Even though the federal government has reopened for three weeks, the shutdown is expected to have ripple effects for taxpayers.
The lack of funding for the IRS prevented large swaths of the agency from operating during a time its worker receive training and prepare for their busiest time of year.
Despite the White House calling 46,000 I.R.S. employees back to work, it will take time to get operations back up to speed ,according to the president of National Treasury Employees Union.
All of this is compounded by a reduction in IRS funding before the shutdown and the fact that IRS staffers are still adjusting to the new tax law passed in December of 2017.

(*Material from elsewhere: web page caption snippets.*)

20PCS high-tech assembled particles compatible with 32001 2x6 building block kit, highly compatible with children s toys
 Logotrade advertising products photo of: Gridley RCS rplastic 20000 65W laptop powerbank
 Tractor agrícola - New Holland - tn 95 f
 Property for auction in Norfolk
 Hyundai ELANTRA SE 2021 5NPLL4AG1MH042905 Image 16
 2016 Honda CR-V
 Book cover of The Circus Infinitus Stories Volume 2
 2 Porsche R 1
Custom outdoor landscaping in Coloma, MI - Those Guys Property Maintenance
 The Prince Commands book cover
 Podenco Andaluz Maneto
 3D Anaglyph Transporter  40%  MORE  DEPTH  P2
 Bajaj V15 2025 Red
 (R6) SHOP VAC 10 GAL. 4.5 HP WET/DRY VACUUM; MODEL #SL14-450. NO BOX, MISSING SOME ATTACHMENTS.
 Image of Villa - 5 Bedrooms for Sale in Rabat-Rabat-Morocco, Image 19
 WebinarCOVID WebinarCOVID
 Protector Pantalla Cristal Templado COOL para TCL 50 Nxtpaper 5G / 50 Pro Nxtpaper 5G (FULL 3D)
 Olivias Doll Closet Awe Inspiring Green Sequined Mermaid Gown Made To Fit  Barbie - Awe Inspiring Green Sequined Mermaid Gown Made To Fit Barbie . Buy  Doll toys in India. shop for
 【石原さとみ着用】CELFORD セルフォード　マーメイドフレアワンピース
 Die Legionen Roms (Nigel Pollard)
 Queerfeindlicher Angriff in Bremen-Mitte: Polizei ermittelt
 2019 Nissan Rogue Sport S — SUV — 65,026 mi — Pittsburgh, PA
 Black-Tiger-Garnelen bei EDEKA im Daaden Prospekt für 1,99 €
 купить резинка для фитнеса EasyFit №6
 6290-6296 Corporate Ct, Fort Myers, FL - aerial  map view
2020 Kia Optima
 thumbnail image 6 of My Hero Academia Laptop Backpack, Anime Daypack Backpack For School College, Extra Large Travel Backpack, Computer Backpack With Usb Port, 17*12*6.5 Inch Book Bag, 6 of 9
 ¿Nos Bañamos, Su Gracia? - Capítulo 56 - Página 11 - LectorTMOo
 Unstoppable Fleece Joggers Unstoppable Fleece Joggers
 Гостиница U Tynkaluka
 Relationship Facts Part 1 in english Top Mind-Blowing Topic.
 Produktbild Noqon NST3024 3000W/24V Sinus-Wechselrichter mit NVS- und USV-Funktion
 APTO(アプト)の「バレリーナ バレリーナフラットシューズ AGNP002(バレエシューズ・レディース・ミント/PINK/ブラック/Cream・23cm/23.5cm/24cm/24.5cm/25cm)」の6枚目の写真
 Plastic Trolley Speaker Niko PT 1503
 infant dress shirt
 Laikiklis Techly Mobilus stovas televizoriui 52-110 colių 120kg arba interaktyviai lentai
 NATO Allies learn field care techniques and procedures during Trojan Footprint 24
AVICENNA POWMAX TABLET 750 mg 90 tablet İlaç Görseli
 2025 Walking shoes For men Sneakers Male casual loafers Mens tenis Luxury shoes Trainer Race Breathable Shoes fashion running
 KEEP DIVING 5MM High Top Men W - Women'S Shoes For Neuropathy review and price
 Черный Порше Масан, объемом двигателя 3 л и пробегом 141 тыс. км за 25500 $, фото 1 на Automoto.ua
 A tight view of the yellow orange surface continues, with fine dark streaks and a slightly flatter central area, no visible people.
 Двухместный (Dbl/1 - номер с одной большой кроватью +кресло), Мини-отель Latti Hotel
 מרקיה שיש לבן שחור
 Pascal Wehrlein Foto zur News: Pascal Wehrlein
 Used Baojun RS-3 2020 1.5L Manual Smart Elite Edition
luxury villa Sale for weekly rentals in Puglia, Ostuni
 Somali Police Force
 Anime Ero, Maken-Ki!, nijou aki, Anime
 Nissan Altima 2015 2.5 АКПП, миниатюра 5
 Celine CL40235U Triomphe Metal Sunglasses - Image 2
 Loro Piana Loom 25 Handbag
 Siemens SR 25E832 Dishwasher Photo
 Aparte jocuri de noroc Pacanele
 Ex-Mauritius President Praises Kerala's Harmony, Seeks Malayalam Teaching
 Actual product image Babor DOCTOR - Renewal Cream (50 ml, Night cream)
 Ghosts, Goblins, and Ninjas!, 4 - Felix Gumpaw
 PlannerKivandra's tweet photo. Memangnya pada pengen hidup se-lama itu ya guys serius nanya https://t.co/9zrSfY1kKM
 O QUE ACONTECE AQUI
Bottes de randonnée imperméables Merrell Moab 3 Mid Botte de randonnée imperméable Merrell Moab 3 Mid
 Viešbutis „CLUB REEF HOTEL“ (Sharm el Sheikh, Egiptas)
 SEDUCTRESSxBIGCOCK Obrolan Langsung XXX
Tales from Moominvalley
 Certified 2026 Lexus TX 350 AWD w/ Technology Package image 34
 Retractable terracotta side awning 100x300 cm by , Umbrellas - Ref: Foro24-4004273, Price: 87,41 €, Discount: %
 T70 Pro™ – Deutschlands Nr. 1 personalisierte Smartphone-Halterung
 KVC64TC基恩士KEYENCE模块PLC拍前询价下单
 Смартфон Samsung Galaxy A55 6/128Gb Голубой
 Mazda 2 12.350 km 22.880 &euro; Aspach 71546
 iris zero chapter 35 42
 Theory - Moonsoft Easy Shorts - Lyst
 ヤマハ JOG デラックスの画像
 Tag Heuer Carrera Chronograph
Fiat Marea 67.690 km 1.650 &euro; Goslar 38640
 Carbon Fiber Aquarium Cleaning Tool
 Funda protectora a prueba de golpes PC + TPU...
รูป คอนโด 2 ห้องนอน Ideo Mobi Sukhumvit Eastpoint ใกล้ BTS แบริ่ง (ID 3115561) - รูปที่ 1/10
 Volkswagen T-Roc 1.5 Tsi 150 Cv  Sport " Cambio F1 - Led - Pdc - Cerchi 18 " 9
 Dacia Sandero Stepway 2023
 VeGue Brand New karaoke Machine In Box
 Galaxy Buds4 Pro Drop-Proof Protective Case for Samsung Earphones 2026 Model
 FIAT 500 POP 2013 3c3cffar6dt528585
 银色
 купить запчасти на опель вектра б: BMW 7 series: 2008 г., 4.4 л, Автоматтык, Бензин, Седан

One word: delays. The IRS – like many other agencies is playing catchup as workers try to deal with business left unattended to during the longest federal government shutdown in history.
According to a recent New York Times article, responses to written correspondence to the agency have been delayed, just 1 in 5 callers trying to reach the IRS Automated Collection System have been able to get through to a representative, and hold times have been as long as an hour. In addition to this, the changes tax code mean it may take longer for staffers to provide assistance to taxpayers and address problems that arise.
So, while the IRS expects refunds to be issued on schedule – usually within 3 weeks of receiving returns if they were filed electronically and paid by direct deposit – they may, in fact, take much longer. Considering 3 in 4 returns result in a refund, and many people rely on this money, some Americans could feel the pinch if refunds do not arrive in a timely fashion.
Unfortunately for everyone who was hoping to delay their filing, the filing period will remain the same. For most taxpayers Monday, April 15 is the filing deadline. For lucky listeners in Massachusetts and Maine, you have until April 17 to file, due to Patriot Day on April 15 and the celebration of Emancipation Day in Washington, DC on April 16.